One npm package nearly owned our Next.js 15 app

This happened on a fairly normal weekday release, on a Next.js 15 app with App Router, a couple of internal packages, a PostgreSQL-backed API, and the usual JavaScript dependency pile that quietly grows while nobody's looking. One pull request updated a small transitive package, nothing exciting, just a lockfile churn diff that most teams would wave through because the top-level package.json barely moved, and that was exactly the problem, the dangerous code didn't arrive through an obvious dependency decision, it arrived through the trust we place in package managers to keep the graph boring.

The first useful signal came from a CI job that started hanging during install, then making outbound requests to a host nobody recognized. We run install steps in a constrained environment, which helped, because the package tried to execute a postinstall script and fetch a remote payload. The request failed, loudly. If that same install had run on a less restricted runner, or on a developer laptop with broader access to internal tokens, we'd have had a much uglier incident.

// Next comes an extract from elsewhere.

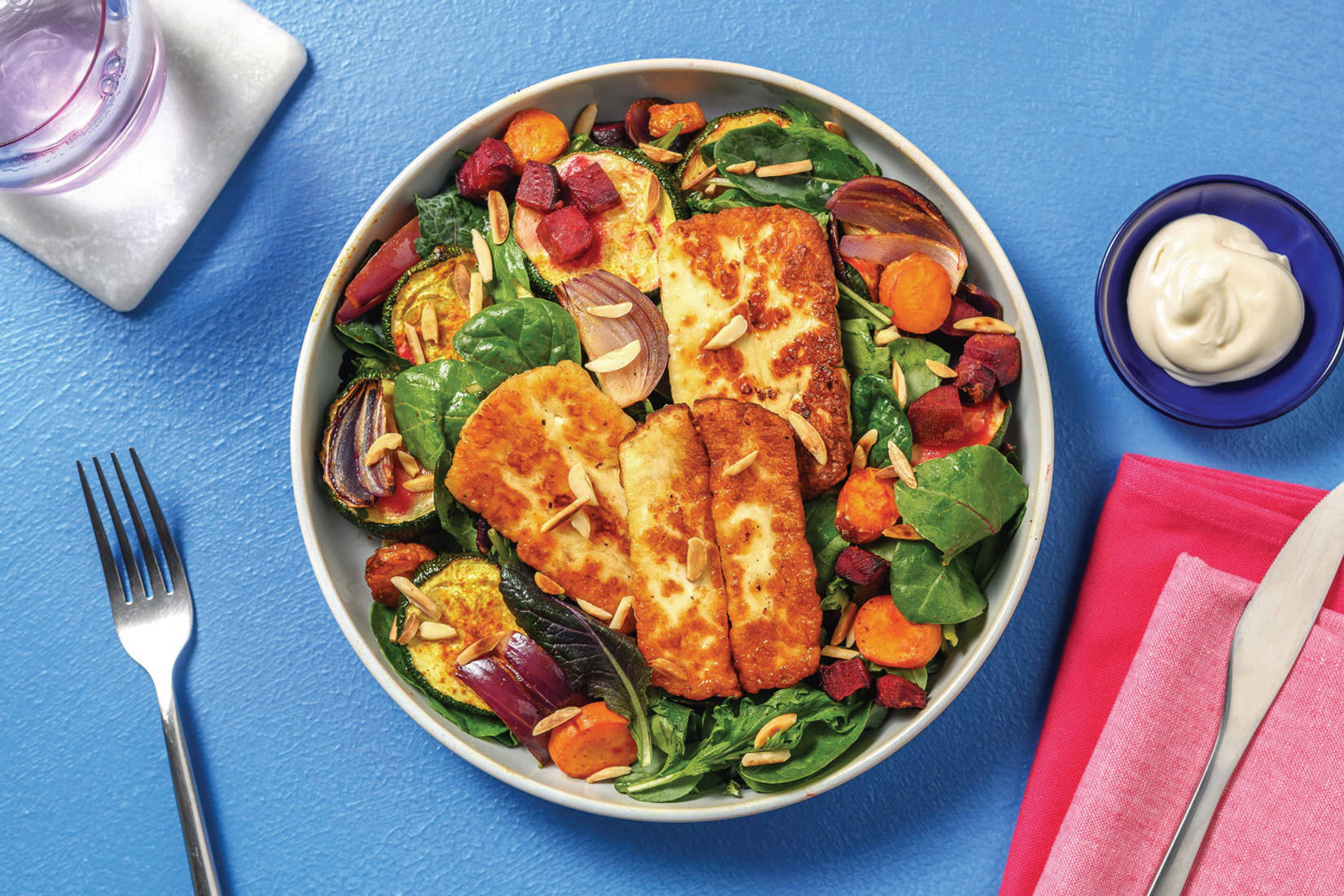 Haloumi & Chermoula Roast Veggie Salad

The suspicious package had a package.json snippet that looked roughly like this:

 1{
 2  "scripts": {
 3    "postinstall": "node ./dist/install.js"
 4  }
 5}

That alone isn't proof of anything, plenty of packages do dumb things in lifecycle hooks, but dist/install.js was obfuscated, string arrays, hex escapes, dynamic Function(...), the usual garbage, and inside it was a tiny loader that resolved https, pulled a second-stage script, wrote it to a temp path, and executed it. That wasn't analytics. That wasn't a binary download. That was remote code execution during dependency installation.

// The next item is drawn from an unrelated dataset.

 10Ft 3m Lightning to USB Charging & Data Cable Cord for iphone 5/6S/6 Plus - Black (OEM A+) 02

We diffed the lockfile immediately. The meaningful lines were small enough to miss in review:

 1-  suspicious-lib@1.4.2:
 2-    resolution: {integrity: sha512-old...}
 3+  suspicious-lib@1.4.3:
 4+    resolution: {integrity: sha512-new...}
 5+    hasBin: true
 6+    requiresBuild: true

requiresBuild: true on a package that previously had no build step should stop people in their tracks. It usually doesn't. That one field earned us a postmortem.

The part people underestimate with package compromise is timing. You don't need your production containers to npm install at boot for this to become serious. You need one CI runner with write access to artifacts, one GitHub Actions token with default permissions, one build machine that injects SENTRY_AUTH_TOKEN, NEXT_PUBLIC_* values, cloud credentials, or a private package registry token, and suddenly the attacker doesn't care about your frontend package anymore, they care about your release pipeline.

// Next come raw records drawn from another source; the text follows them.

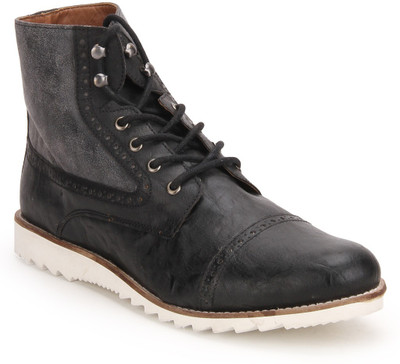 

Knotty Derby Colin TC Brogue Boots For Men(Black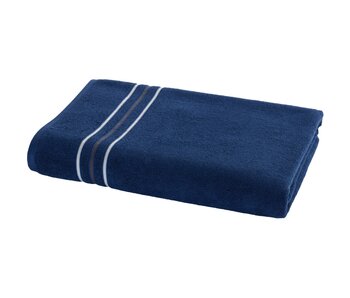 Moodit Serviette de bain Empress bleu marine 100 x 150 cm coton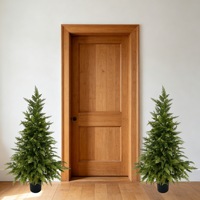 Arbre de Noël artificiel en pin PE dense, type bonsaï, plante artificielle en pot, pour hall d'hôtel et aménagement paysager de jardin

Our Next.js build had the usual footprint, next build generating server bundles, image optimization config, environment reads during compile, and a deploy step that pushed images downstream. The malicious package executed before any of that. If the loader had succeeded, it could have scraped environment variables, modified emitted assets, patched next.config.ts, tampered with generated server code under .next/server, or written a credential stealer into a build artifact that looked like a harmless helper module.

One ugly detail, Next.js apps tend to blur runtime boundaries in ways people forget. Client code, edge code, server actions, route handlers, all sit in one repo, often one build, often one install. A compromised package in a shared utility path can influence much more than a static marketing page. On one of our internal reviews at steezr we found teams pulling markdown renderers, analytics helpers, and tiny AST utilities into both server and client bundles because tree shaking made it feel cheap. Cheap until the package author account gets hijacked.

The nearest miss for us wasn't browser compromise. It was CI compromise. Our GitHub Actions workflow still had broader permissions than it needed:

 1permissions:
 2  contents: write
 3  packages: write
 4  id-token: write

That config existed because it was convenient months earlier, and convenience lingers. A malicious install step on that runner had enough room to pivot into package publication or release tampering. We got lucky once. I don't count on luck twice.

Once we isolated the package, we stopped treating the lockfile as machine noise and read it like source code. Most teams claim lockfiles are sacred, then review them with the same care they'd give a minified vendor blob. That's backwards. The lockfile is where supply-chain compromise becomes visible.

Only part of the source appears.